Quelques jours après, les services sociaux de la protection de l'enfance débarquent et menacent de prendre en charge Moonee. Halley offre une dernière fête à sa fille dans un restaurant puis laisse faire les services sociaux. Moonee, une fois qu'elle comprend qu'elle va être séparée de sa mère, s'enfuit en pleurs. Elle vient trouver Jancey et toutes deux courent à perdre haleine vers le parc Disney et son château de la Belle au bois dormant. Une dernière course d'enfants avant une séparation douloureuse et nécessaire.
Le film est emporté par l'extraordinaire humanité des personnages ce qui n'empêche pas Sean Baker de faire une remarquable utilisation de l'ellipse et du hors champ.
The Florida project
Sean Baker, dans les interstices de l'horrible cité Florida (Project se traduit ici par cité et non par projet), trouve des lieux de poésie classiques (les couchers de soleils, le feu d'artifice vu de loin) ou insoupçonnés (les hautes herbes des maisons abandonnées et le champ avec des vaches paisibles pas très loin).
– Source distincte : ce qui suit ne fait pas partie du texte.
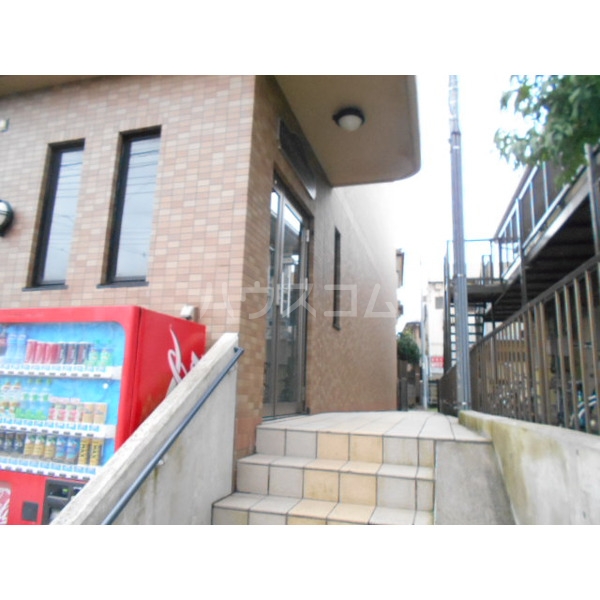 18/28 エントランス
Les personnages principaux sont particulièrement bien dessinés et originaux : la vitalité et l'intelligence de Moonee ; l'innocence la liberté et la joie de vivre de Halley, post-adolescente indomptable et mère aimante mais dangereuse pour sa fille ; la parfaite droiture de Bobby, gérant ange-gardien de ce petit monde de clients très pauvres qui fréquentent l'hôtel. Mais les seconds rôles sont aussi tous trés attachants ainsi Ashley, la mère de Scooty ; Stacy, la grand-mère de Jancey ou Gloria, la vieille femme impudique. Les hommes s'en tirent moins bien tant, peut-être, la figure de Bobby sert de contrepoids : Narek le propriétaire, John le client volé, ou le pédéraste qui rode autour du motel.
Ellipses et hors champ
Le récit d'une chronique d'une petite communauté est rendu plus émouvant par l'utilisation de l'ellipse et du hors-champ. Il y a d'abord l'ellipse amusante de la panne électrique une fois les enfants entrés dans le local interdit. Seule la vidéo de surveillance, regardée par Bobby, donnera le fin mot (pressenti) de cette panne. Plus subtile, l'ellipse du vol des bracelets Disney dans le sac de John. On ne comprend ainsi pas ce qu'Halley tente de revendre auprès d'une femme qui la soupçonne d'être une voleuse. Lorsqu'elle parvient à vendre les bracelets d'entrée auprès d'un touriste, on pense que celui-ci va se faire arnaquer. Mais non, on comprend enfin, seulement lorsque John vient faire scandale, que c'est lui qui s'est initialement fait voler les quatre bracelets. Bobby n'aura pas de mal à lui faire entrevoir que tout révéler à sa femme serait la conséquence d'une plainte à la police.
Le hors-champ est utilisé avec grâce lors des scènes de prostitution. Sans continuité diégétique intervient en effet une longue scène de bain innocente de Moonee, étrangement sage, coiffant son petit poney de plastique. Par deux fois se répète la scène de bain avant qu'un client n'ouvre la porte de la salle de bain par mégarde. On comprend par le simple geste de Moonee de tirer encore un peu inutilement le rideau qu'elle a compris ce qui se passait à côté, et depuis le début, d'où sa tranquillité dans le bain ; une façon de masquer son angoisse. Terriblement lucide, cruel et désespéré.
Jean-Luc Lacuve , le 6 janvier 2018.